Australia opener Usman Khawaja has vented his frustration after the team lost 10 World Test Championship (WTC) points for slow over-rates during the drawn Ashes series in England.
Khawaja, also an Australian Cricketers’ Association board member, had lobbied the International Cricket Council (ICC), which last month softened penalties for slow over-rates.
Australia, which retained the Ashes urn after the five-match series ended in a 2-2 draw, lost more than a third of the 28 points it originally won for being 10 overs short in the fourth Test at Old Trafford.
“Don’t even get the chance to bowl in the second innings at Manchester due to 2 days of rain and @ICC still issue fines and take 10 WTC points off us for slow over rates!” Khawaja posted on X, the social media platform formerly known as Twitter.

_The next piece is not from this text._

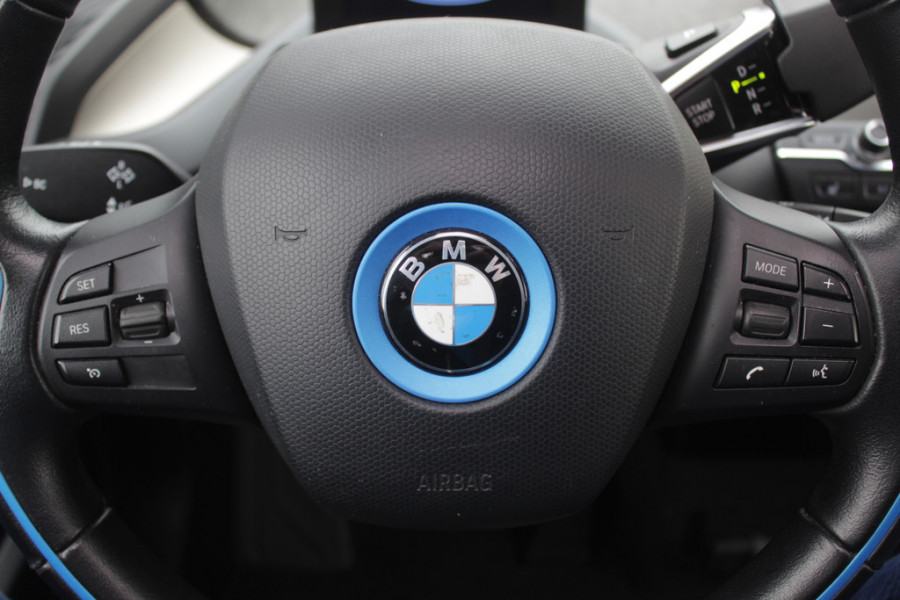 BMW i3 Basis 120Ah 42 kWh / Navigatie / 19'' / Parkeerhulp achter / Navigatie / Harman Kardon / Stoelverwarming / Cruise Control / Warmtepomp / Getint glas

“That makes a lot of sense...” added the 36-year-old, who finished as the leading scorer of the enthralling series.
Reigning world champion Australia is now third in the WTC points table, behind Pakistan and India. The points deduction widened the gap between Australia and the top two.

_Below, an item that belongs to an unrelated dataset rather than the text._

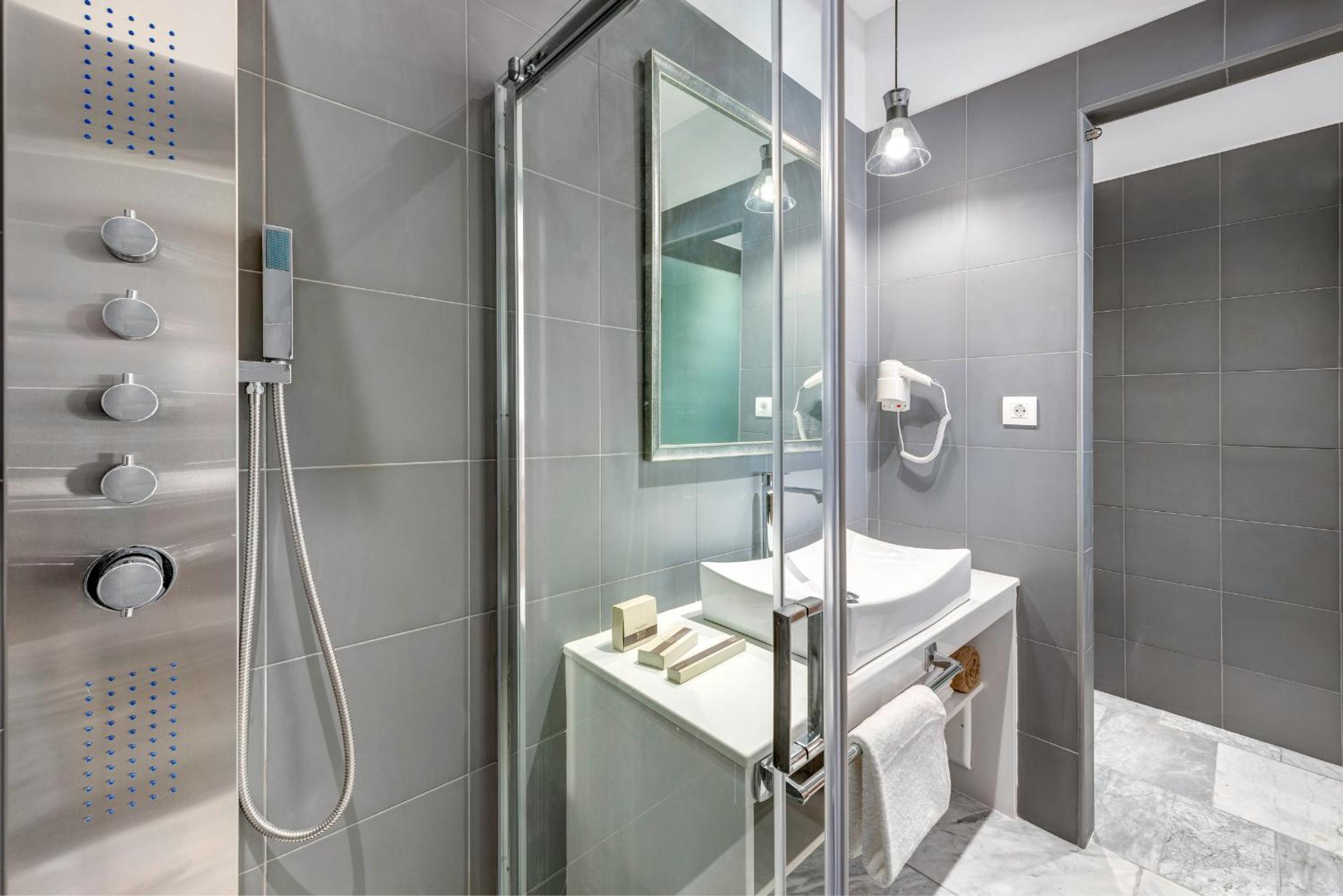 1844 Suites Syros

Worse off than Australia, England was fined a staggering 19 WTC points after falling foul of the over-rate rules in four of the five matches.
The team under Ben Stokes staged a remarkable turnaround from being 2-0 down to draw the Ashes series but gained only nine points for its effort to be number five, behind a West Indies side that remains winless after four matches.

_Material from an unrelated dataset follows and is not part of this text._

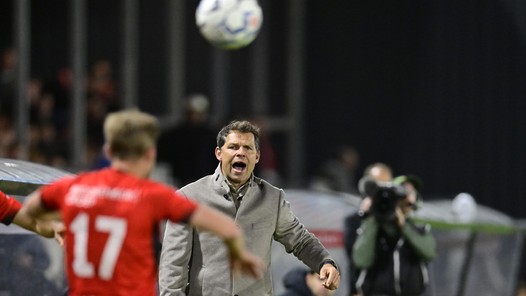 Almere City FC degradeert: 'Handhaving was ook niet terecht geweest'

Spin’s limited role in the series, especially after Australia’s Nathan Lyon suffered an injury in the second match, led to over-rate delays.
Former Australia captain Ricky Ponting put the onus on umpires to speed up play by getting the players ready for action without wasting time.
“We’ve got to find a way not to be losing so much time in these games,” Ponting said on the ICC Review.
Former England captain Nasser Hussain, however, insisted slow over-rate “penalties should be harsh” because it upset the paying fans.
“Tickets, especially in England, are very expensive. So you want to get the full day,” he said.
“Now some people argue, well, you’re getting the entertainment anyway. But I do think, if you pay for 90 overs, you should expect 90 overs.”